You should know that following the path of non-violence is also one of the tenets of a yoga teacher training course.

Astya (Non-Stealing)

Stealing something refers to theft of money, material, time, and even someone’s efforts. There are many ways you might hurt another being such as not following on what you said, or taking advantage of a situation. Stealing also occurs on an emotional and energy level. The principle of Asteya includes not taking anything that does not belongs to us.

Satya (The Truth)

The great sage Patanjali explained that truth had two different forms; one is the personal truth and second is the universal truth. The principle of Satya requires you to live with a clear view about oneself and the world around.

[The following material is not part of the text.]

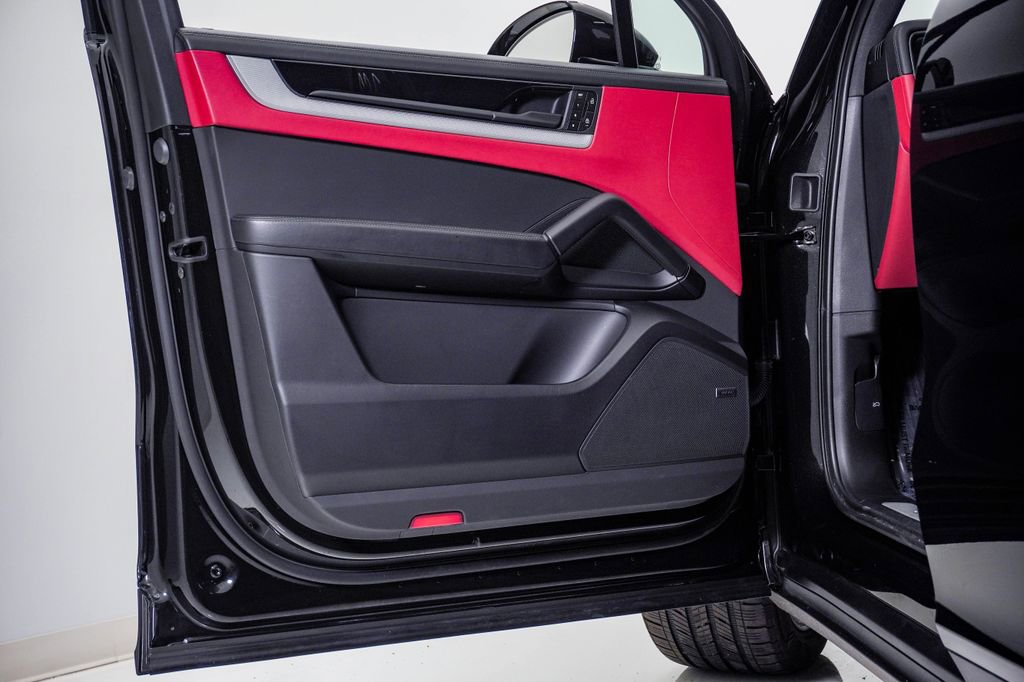 Certified 2025 Porsche Cayenne E-Hybrid image 21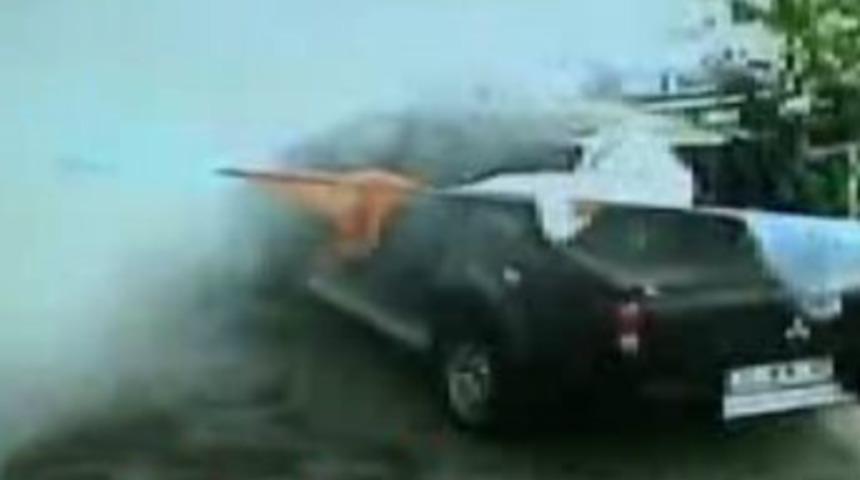 AK Parti binasına ses bombası atıldı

What makes this the most solid yet hard 8 limbs of yoga is you have to accept life as it is. It gives you freedom from unnecessary stress. You develop more compassion and self-love for those with a different opinion than yours.

Inculcating this element of yoga helps you stand up for what you believe in and help others do the same.

Brahmacharya (Non-Indulgence)

Human beings often develop an addiction towards sensual pleasures including sex, drugs, and too much food. The principle of Brahmacharya keeps you away from over-indulging in these sensory pleasures.

Brahmacharya helps you develop healthy eating habits and you can still enjoy things as food, shopping, and sex in moderation.

Aparigraha (Non-Possessiveness)

In the modern times, we have become highly dependant on materialistic things to bring us mental peace. We end up running after that latest smartphone, car, or just the new pair of shoes. It leads to a massive waste of time, money, and energy.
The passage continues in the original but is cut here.